_Supplied data_.
==============================

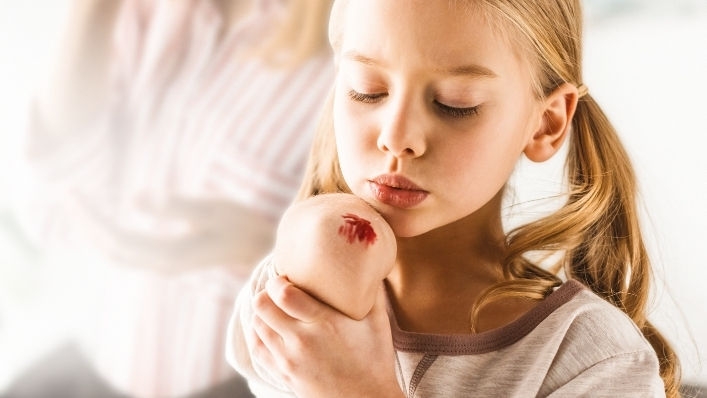 Tratamento de feridas - menina-com-ferida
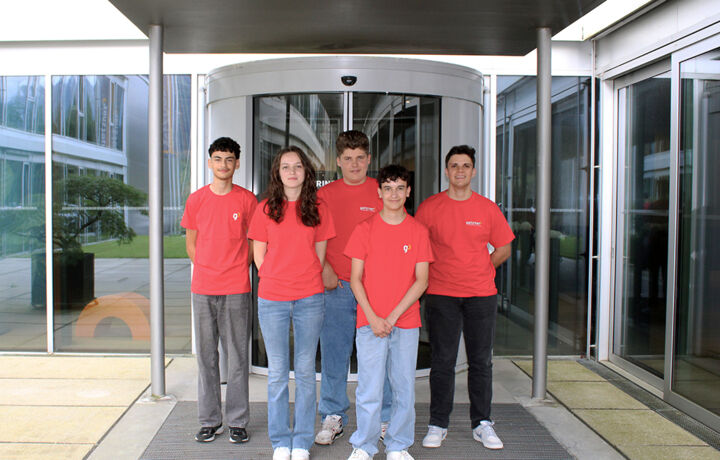 Die fünf neuen Lehrlinge von Getzner Werkstoffe starteten am 1. September in ihre Ausbildung.
v.l.n.r.: Serhat Göresli, Sanja Jurisic, Daniel Tuttner, Benjamin Bischof und Fabrice Sibeline Getzner Werkstoffe Neue Lehrlinge 2025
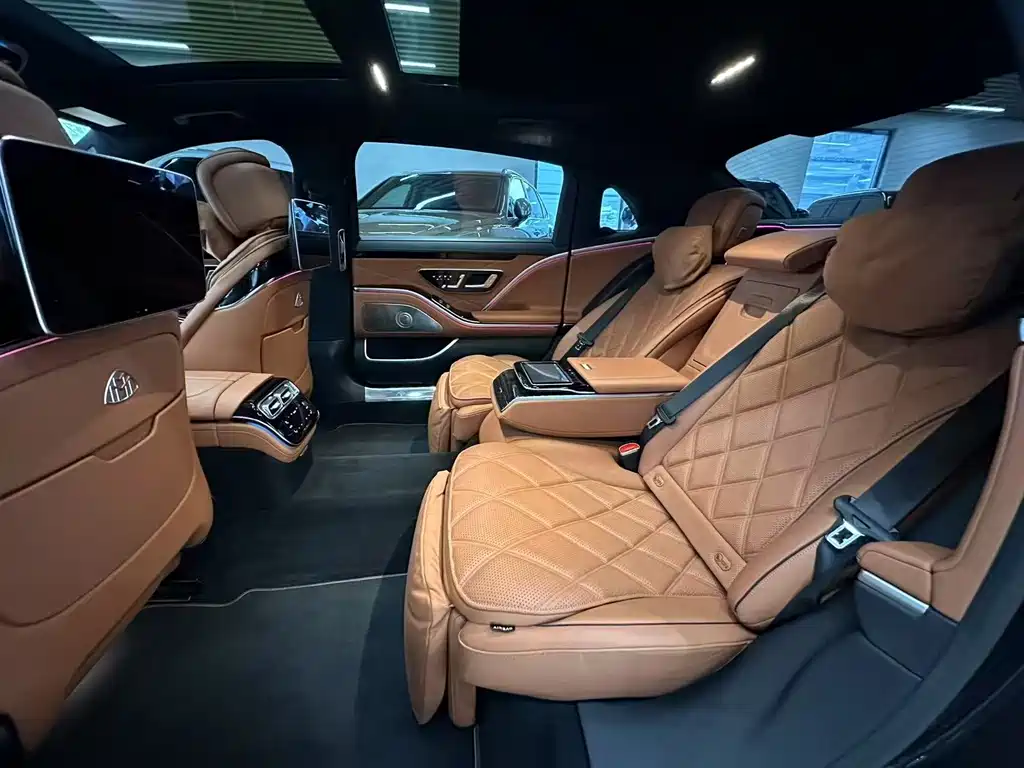 Mercedes-Benz Maybach S-Class 2023 — фото 9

==============================

_Activity_. What you return must match the material above exactly, minus its pictures.

_Response for this exercise_.
 Tratamento de feridas - menina-com-ferida
 Die fünf neuen Lehrlinge von Getzner Werkstoffe starteten am 1. September in ihre Ausbildung.
v.l.n.r.: Serhat Göresli, Sanja Jurisic, Daniel Tuttner, Benjamin Bischof und Fabrice Sibeline Getzner Werkstoffe Neue Lehrlinge 2025
 Mercedes-Benz Maybach S-Class 2023 — фото 9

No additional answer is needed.